Accord utilisation voirie SNCB
La base de cette nouvelle alternative pour le hub multimodal est un accord avec la SNCB pour permettre le partage de la « voirie couverte » dont elle est propriétaire. Cet accord est le seul moyen de réaliser le projet tel qu'il est proposé. Il est donc surprenant que l'enquête publique avec délai conditionnel parle d'accords possibles avec la SNCB. Si la SNCB changeait d'avis, nous serions dans une impasse et le projet devrait être reconsidéré.
Cette décision supprime également un accès piéton à la gare.
Electrification de la flotte
L’électrification de la flotte de bus est déjà en cours, comme en témoigne la mise en service des bus hybrides depuis plusieurs années et électriques depuis peu. L’entretien et le stationnement de ces derniers pose souvent problème au niveau des pompiers et des assurances au vu du risque d’inflammation posé. Nous nous étonnons dès lors que ce sujet n’ait absolument pas été couvert par le chargé d’étude. Il est tout de même question de nombreux bus stationnant sous des tours de bureaux, logement et équipements collectifs.
Un projet aux conséquences multiples sur les autres mobilités
Au vu des modifications proposées, il nous semble évident que la circulation cycliste nord-sud subira des conséquences irrémédiables sur le long terme. Particulièrement dû au fait que la traversée vélo longeant la Gare du Nord sera alors impossible à grande vitesse. Nous sommes également surpris que l'équipe d'étude n'ait pas pris en compte l'impact des plans sur la Cyclostrade (F3), un nœud interrégional essentiel entre Bruxelles et Louvain. Les nouveaux plans excluent l'option de faire passer la Cyclostrade le long de la Gare du Nord, ce qui serait préférable à la rue d'Aarschot (une route étroite et dangereuse) ou à l'avenue Albert II (rappelez-vous la mort du livreur à vélo après un accident avec un bus international). A ce sujet, le BRAL soutient l’avis rédigé par le Fietsersbond et le GRACQ, spécialistes en la matière.

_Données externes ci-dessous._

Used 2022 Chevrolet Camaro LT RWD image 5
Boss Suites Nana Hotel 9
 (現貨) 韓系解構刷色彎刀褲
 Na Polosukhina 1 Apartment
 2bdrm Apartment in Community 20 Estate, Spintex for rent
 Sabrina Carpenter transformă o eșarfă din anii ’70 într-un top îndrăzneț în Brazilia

L’alternative choisie a également des conséquences importantes sur d’autres fonctions de mobilité. Suite aux modifications, les places de dépose-minute (au nombre de 5 actuellement) et les places de taxi (9 en total) devront être replacées ailleurs. Les porteurs de projet proposent, “en accord avec les acteurs concernés” la rue d’Aarschot pour cela. Malheureusement la réalité d’une telle opération n’a pas été étudiée dans la note complémentaire à l’étude d’incidence. Il nous semble également étonnant qu’une gare avec le statut de la Gare du Nord de dispose pas de plusieurs sites, au moins de part et d'autre des rails, de dépose minute ou de stationnement taxi.
3. Conclusion
Les choix posés dans le cadre du réaménagement du site CCN auront un impact bien au-delà du bâti et doivent être considérés dans leur ensemble. Sans surprises, l’aspect de la mobilité a été bâclé et ne répond en aucun cas aux défis que représentent une gare d’une telle envergure.
Sur base de ces commentaires, le BRAL demande à la commission de concertation de remettre un avis négatif concernant le réaménagement du site CCN.